Maurrassist Candide edit

The name was taken up in 1924 by a weekly newspaper launched by the bookseller Arthème Fayard. This paper was one of the main literary and political weeklies of the inter-war period, and its formula inspired other papers from Gringoire on the extreme-right to Vendredi and Marianne on the left. As for itself, Candide was rooted in the Maurrassist movement, nationalist and antisemitic: Pierre Gaxotte, personal secretary of Charles Maurras, was a member of the collective editorial leadership until 1940; Lucien Dubech as drama critic, Dominique Sordet as music critic, Maurice Pefferkorn for sports and Abel Manouvriez the legal columnist performed the same roles for both Candide and L'Action française; Lucien Rebatet and Robert Brasillach, two young Maurrassian talents, wrote for Candide. Its numerous cartoons, particularly those of Sennep, were much appreciated by the readership.

Candide was anti-parliamentarian, anti-republican, keenly anti-communist, basically, antidemocratic, and it was not loath to antisemitic tones. After 6 February 1934 it became radicalised along with the rest of the extreme-right and a good part of the right, while not reaching the robust fascism of Je suis partout and while retaining a light tone. Hostility towards Jews and foreigners was reasserted. While it was often watchful of the danger from Germany, Candide approved of the Munich Agreement, following the general evolution of the Maurrassist movement.

Printed in large format (43x60 cm), the paper ran 80,000 copies in its first year, almost 150,000 in 1930, then at least 340,000 from 1936 onwards (465,000 in that year according to Pierre Albert, emeritus professor at Panthéon-Assas University). It exercised an important influence in politics in conservative and reactionary circles, and its literary pages was respected more widely: Albert Thibaudet, who had nothing in common with the extreme-right, wrote for Candide (although he died in 1936). Mainly from 1936 onwards, Candide tried to convince its readers of the imminence of a communist coup d'état in France.

Under the German occupation, Candide left Paris for the zone libre and supported the Révolution nationale, which embodied substantially its political ideas, particularly from 1934–1936; however it avoided the Parisian collaborationism defended by Je suis partout. It disappeared after the liberation, banned for its compromising attitude towards the Vichy regime.

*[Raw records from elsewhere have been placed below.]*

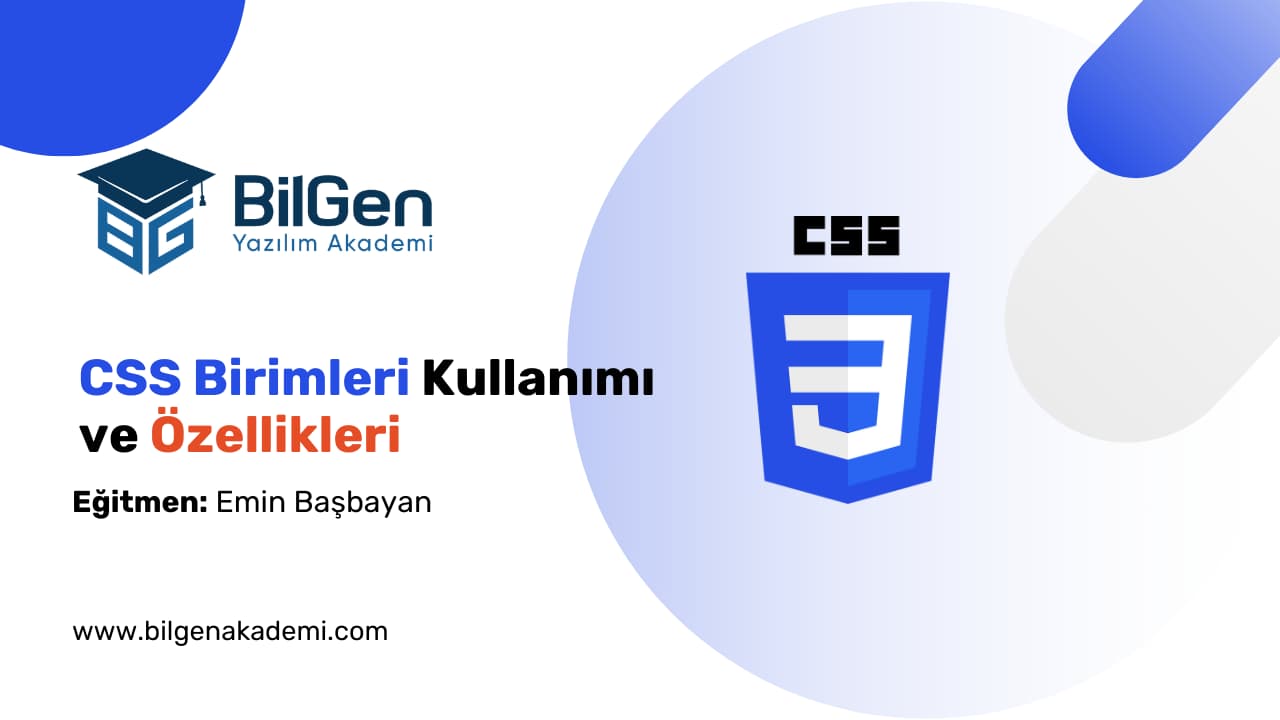CSS Birimleri Kullanımı ve Özellikleri
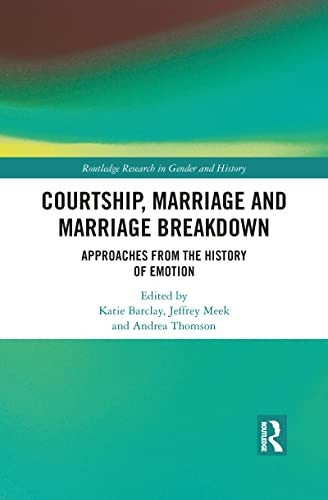 Courtship, Marriage and Marriage Breakdown: Approaches from the History of Emotion (Routledge Research in Gender and History)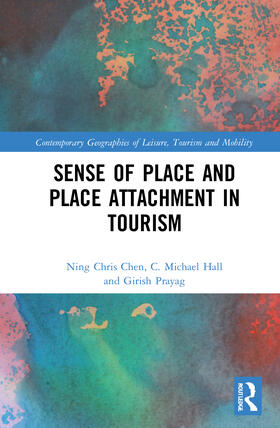 Hall / Chen / Prayag | Sense of Place and Place Attachment in Tourism | Buch | 978-1-03-200621-5 | sack.de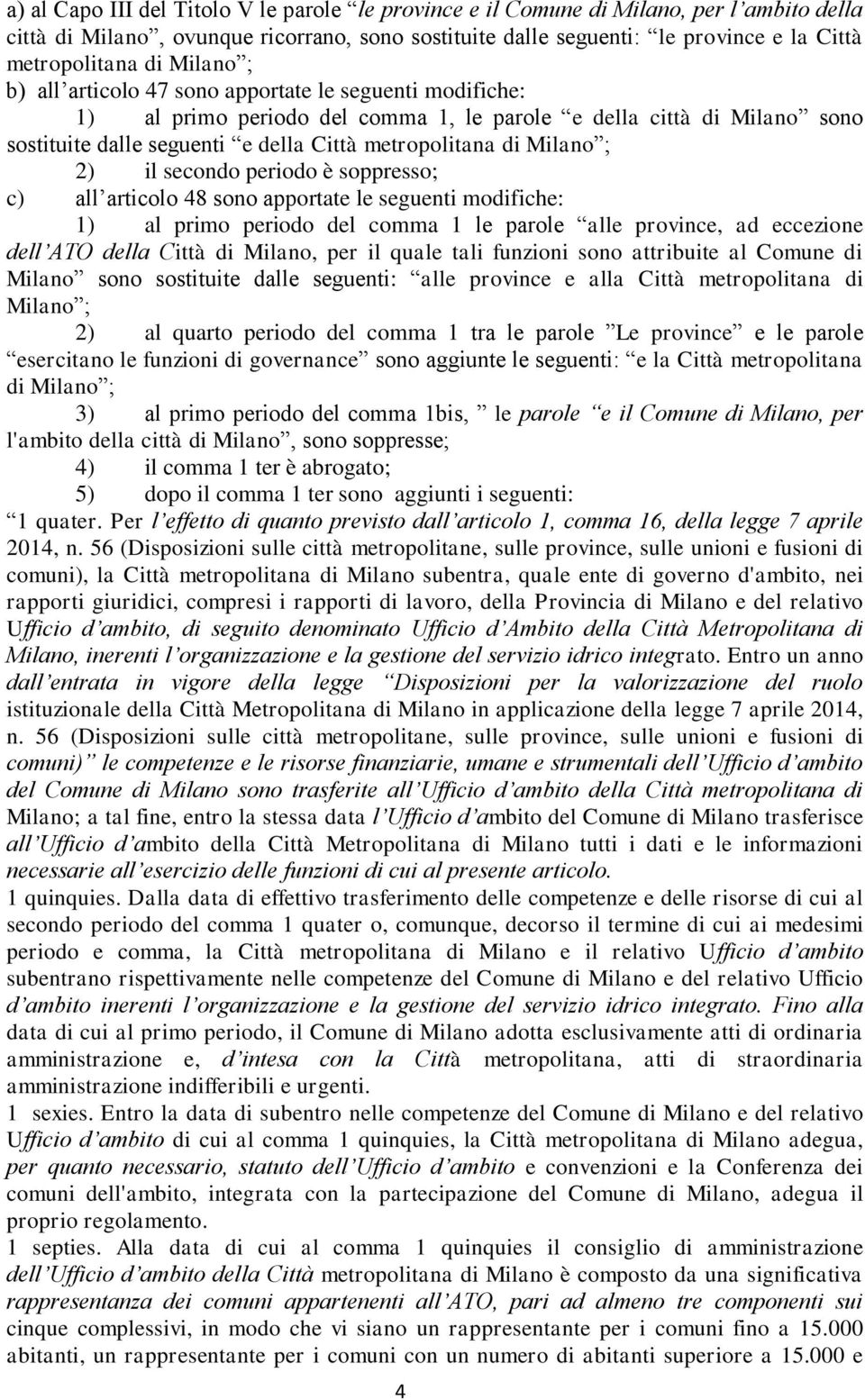 Milano ; 2) il secondo periodo è soppresso; c) all articolo 48 sono apportate le seguenti modifiche: 1) al primo periodo del comma 1 le parole alle province, ad eccezione dell ATO della Città di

Other contributors included Georges Blond and Irène Némirovsky.

Gaullist Candide edit

A weekly called Le Nouveau Candide which counted Jean Dutourd, Paul Gordeaux and Gilles Perrault among its columnists as well as Jean-François Steiner who would become the chair of Maurice Papon's defense committee, appeared during the course of the 1960s. According to the revelations of Constantin Melnik, special adviser for prime minister Michel Debré, this weekly received secret funding in order to counter the influence of papers opposed to the Algerian war, such as L'Express and France-Observateur.